▶ _INFORMATION PROVIDED_
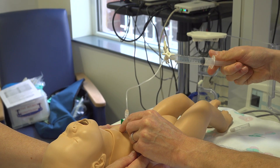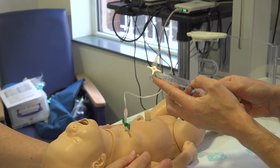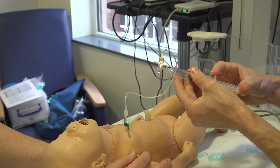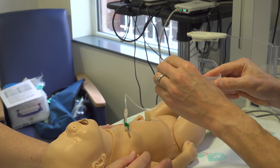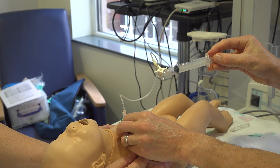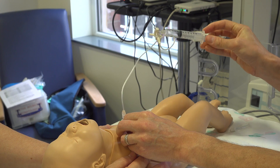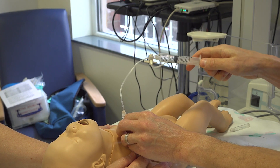Once you reach 10ml you can open to the atmosphere, discard your air, open to baby and continue to drain until you've completely drained all of the air, at which point you will meet resistance.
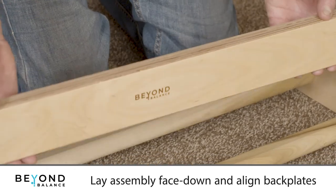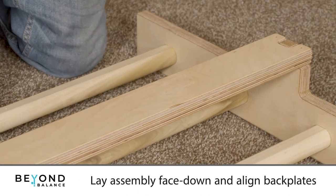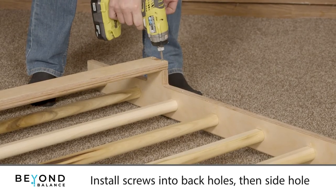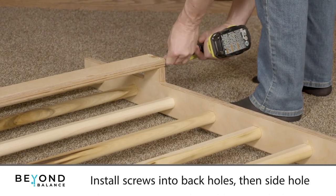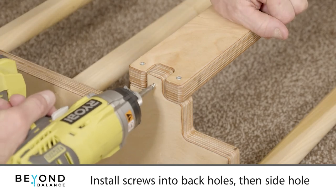Lay the stall bars face down and align the back plate finger joints, making sure to position the logo right side up. Install screws into the two back holes first and then the single hole from the side. Repeat for each finger joint.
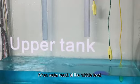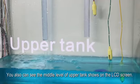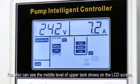When water reaches the middle level, you can also see the middle level of the uptank shown on the LCD screen.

▶ _THE PROBLEM_
Skip every picture and transcribe the data above exactly.

▶ _RESULT BELOW_
Once you reach 10ml you can open to the atmosphere, discard your air, open to baby and continue to drain until you've completely drained all of the air, at which point you will meet resistance.
Lay the stall bars face down and align the back plate finger joints, making sure to position the logo right side up. Install screws into the two back holes first and then the single hole from the side. Repeat for each finger joint.
When water reaches the middle level, you can also see the middle level of the uptank shown on the LCD screen.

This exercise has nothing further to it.